[[ Given records, beginning ]]
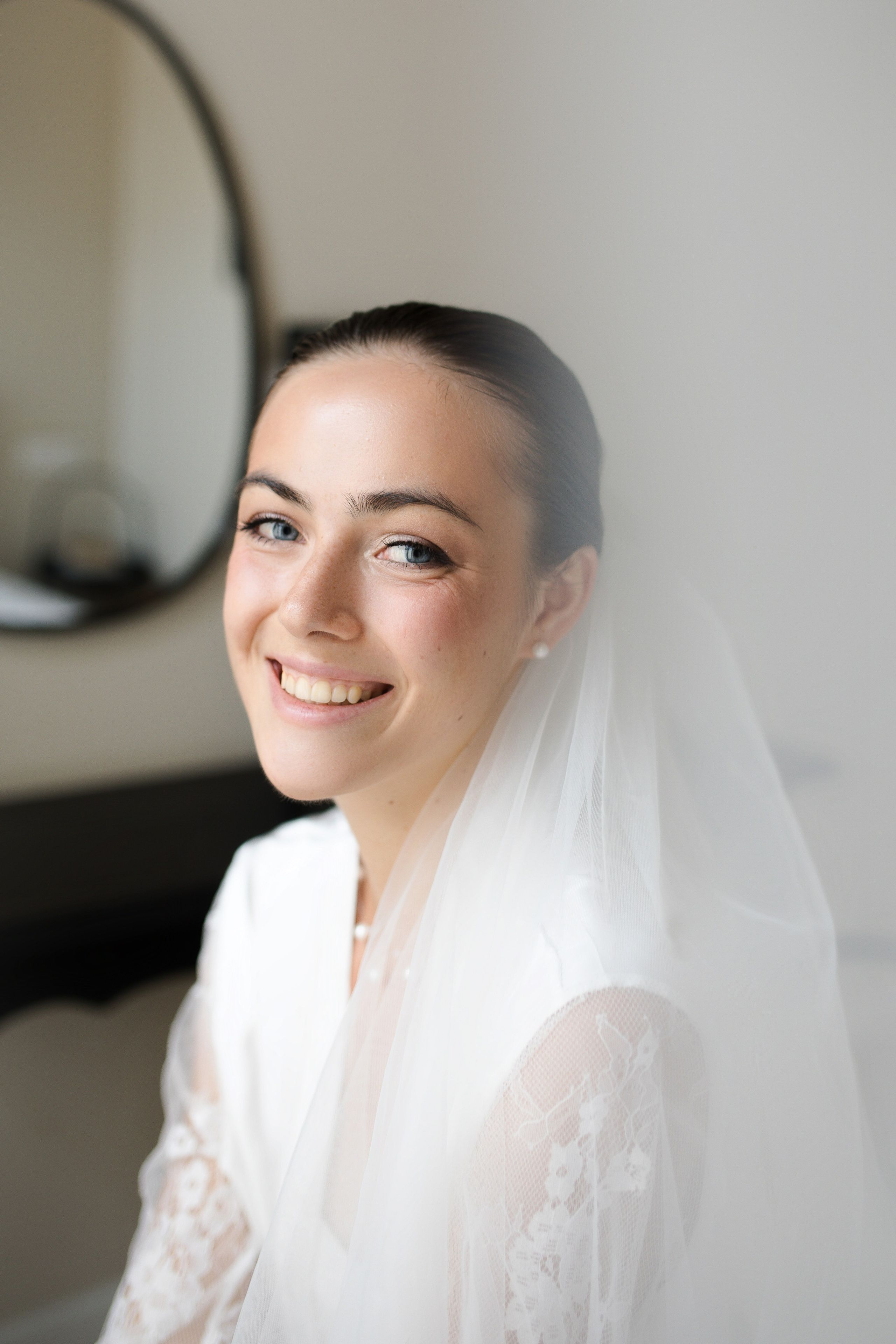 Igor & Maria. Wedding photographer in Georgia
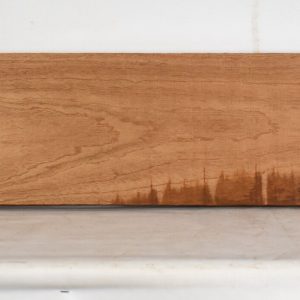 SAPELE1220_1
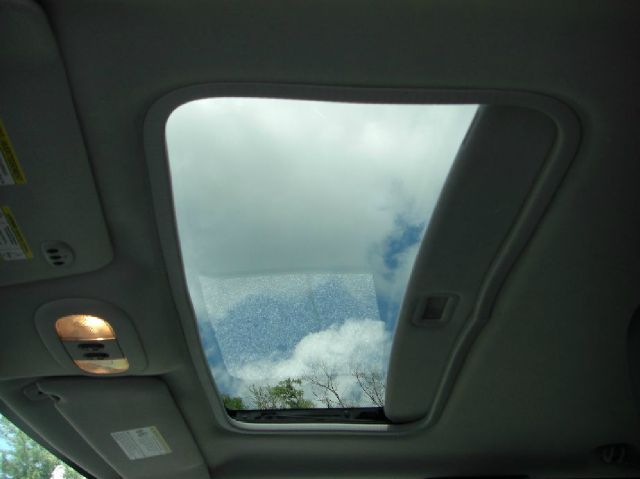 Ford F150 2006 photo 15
[[ Given records, end ]]
[[ Given records, beginning ]]
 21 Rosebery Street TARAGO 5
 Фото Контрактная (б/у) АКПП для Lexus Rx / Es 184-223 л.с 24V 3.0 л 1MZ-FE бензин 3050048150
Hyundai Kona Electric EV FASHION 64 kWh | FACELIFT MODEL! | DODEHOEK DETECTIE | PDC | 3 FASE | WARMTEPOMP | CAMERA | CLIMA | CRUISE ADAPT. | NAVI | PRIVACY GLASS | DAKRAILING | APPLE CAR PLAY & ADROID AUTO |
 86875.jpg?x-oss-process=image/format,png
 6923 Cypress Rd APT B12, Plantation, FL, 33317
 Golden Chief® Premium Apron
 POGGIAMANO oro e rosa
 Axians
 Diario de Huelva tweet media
[[ Given records, end ]]
**Exercise description**
Pictures excluded, give again exactly and only the lines of the material above from the line with "Igor & Maria." through the line with "Ford F150 2006 photo 15".

**Answer below**
 Igor & Maria. Wedding photographer in Georgia
 SAPELE1220_1
 Ford F150 2006 photo 15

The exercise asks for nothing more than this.